今回のノミネートは、日本のメインストリームの芸能界と、国内で最も権威ある文学賞との稀なクロスオーバーとなる。若林氏(47歳)[1]は、お笑いコンビ「オードリー」のメンバーとして広く知られているが、日本文学振興会による今回の評価は、プロの作家としての本格的な転換を示唆している。

同会は6月10日に候補作リストを発表した [2]。リストには計10作品が名を連ねており、芥川賞に5作品、直木賞に5作品が選出された [2]。若林氏は、今回のサイクルで認められた9人の作家のうちの一人である [1]

芥川賞が一般的に新人の純文学作品を重視するのに対し、直木賞は主に大衆小説を対象としている。現役の芸人によるデビュー作が選出されたことは、現代のストーリーテリングや作家性に対する同会の視点に変化があることを浮き彫りにしている。

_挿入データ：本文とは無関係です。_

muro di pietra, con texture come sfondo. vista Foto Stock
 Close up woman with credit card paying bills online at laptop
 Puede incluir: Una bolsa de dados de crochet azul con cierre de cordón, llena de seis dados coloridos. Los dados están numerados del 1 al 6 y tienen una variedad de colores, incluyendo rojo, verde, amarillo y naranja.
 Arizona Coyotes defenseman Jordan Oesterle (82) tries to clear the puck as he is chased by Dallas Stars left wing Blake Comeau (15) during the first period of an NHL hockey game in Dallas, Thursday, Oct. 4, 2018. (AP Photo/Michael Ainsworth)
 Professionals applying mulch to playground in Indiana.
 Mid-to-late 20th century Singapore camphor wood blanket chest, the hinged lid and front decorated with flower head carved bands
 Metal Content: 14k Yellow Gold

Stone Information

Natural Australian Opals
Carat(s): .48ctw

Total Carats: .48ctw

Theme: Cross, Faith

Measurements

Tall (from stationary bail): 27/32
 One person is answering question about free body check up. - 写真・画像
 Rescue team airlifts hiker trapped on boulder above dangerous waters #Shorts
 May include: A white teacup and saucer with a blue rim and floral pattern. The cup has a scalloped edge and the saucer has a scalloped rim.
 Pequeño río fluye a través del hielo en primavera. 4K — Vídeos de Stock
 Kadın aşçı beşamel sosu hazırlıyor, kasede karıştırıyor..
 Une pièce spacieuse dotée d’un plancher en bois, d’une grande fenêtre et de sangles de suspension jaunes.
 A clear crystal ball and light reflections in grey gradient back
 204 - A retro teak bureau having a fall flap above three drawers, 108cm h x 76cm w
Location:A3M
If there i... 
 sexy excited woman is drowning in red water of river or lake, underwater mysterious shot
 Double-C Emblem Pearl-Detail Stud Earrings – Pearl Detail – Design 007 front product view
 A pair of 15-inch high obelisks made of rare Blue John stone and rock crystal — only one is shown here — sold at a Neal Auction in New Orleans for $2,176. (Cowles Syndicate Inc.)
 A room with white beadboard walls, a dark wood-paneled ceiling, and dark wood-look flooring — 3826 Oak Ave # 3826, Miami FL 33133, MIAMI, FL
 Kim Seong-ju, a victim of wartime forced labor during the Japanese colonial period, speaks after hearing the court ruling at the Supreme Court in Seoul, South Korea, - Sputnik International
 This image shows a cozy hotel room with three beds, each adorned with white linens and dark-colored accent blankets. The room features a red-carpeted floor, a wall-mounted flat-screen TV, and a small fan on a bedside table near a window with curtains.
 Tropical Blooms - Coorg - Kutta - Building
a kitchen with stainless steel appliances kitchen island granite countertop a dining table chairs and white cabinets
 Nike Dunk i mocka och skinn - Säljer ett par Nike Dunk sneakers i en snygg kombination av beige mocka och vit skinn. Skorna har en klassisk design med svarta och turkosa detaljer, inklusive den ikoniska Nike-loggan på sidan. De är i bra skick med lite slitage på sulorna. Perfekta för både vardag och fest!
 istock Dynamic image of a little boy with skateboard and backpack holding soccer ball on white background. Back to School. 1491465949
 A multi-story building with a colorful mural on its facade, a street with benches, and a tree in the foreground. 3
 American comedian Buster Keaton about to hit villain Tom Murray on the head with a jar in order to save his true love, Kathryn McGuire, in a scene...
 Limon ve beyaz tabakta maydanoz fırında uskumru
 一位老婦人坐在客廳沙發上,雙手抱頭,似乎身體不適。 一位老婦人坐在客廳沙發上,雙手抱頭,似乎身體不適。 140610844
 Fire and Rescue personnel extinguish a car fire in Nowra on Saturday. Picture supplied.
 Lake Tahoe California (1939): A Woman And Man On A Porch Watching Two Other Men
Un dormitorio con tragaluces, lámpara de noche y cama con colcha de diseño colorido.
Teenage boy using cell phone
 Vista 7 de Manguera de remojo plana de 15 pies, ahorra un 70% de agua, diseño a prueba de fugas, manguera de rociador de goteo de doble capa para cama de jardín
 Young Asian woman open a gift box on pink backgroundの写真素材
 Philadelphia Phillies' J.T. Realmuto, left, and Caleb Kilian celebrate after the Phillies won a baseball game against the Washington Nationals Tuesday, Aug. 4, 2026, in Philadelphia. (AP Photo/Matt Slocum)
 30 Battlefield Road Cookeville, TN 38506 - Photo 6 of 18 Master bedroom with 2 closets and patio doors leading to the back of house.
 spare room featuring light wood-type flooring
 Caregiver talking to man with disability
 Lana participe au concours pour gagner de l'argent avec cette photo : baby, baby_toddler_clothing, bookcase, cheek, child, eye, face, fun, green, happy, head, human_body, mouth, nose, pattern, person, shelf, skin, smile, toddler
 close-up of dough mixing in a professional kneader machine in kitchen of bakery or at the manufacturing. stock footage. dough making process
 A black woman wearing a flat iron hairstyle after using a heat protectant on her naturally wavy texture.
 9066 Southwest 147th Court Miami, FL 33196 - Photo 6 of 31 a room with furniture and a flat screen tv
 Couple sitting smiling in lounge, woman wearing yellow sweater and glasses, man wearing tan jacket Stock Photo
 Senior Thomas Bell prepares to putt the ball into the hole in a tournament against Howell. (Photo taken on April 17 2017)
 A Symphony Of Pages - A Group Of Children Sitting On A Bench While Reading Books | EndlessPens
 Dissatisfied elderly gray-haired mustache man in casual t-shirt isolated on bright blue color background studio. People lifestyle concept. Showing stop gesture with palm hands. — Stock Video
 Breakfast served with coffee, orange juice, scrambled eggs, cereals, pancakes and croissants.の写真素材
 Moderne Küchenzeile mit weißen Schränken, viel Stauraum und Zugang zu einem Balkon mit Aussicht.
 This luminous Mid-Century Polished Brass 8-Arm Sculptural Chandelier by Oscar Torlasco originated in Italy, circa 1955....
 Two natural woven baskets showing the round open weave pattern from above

若林氏の相方である山里亮太氏は、「(若林さんが)獲るだろう」と語った [3]

最終的な受賞者は、2026年7月15日に予定されている選考委員会で決定される [2]。この会議は東京で開催される [2]

日本文学振興会は、日本文学の発展に寄与する優れた文学作品を顕彰するため、これらの賞を主催している [1]。第175回となる今回の賞は、日本の文学的規範を形成してきた長年の伝統を継承している。

若林氏のデビュー作『青天』が直木賞にノミネートされた。

著名な芸人が直木賞にノミネートされたことは、日本における「大衆小説」の基準が拡大していることを示唆している。芸能界出身の新人作家を認めることで、日本文学振興会は、セレブリティ作家が読書習慣に与える影響や、現代の出版市場におけるメディアを横断したストーリーテリングの有効性を認めている可能性がある。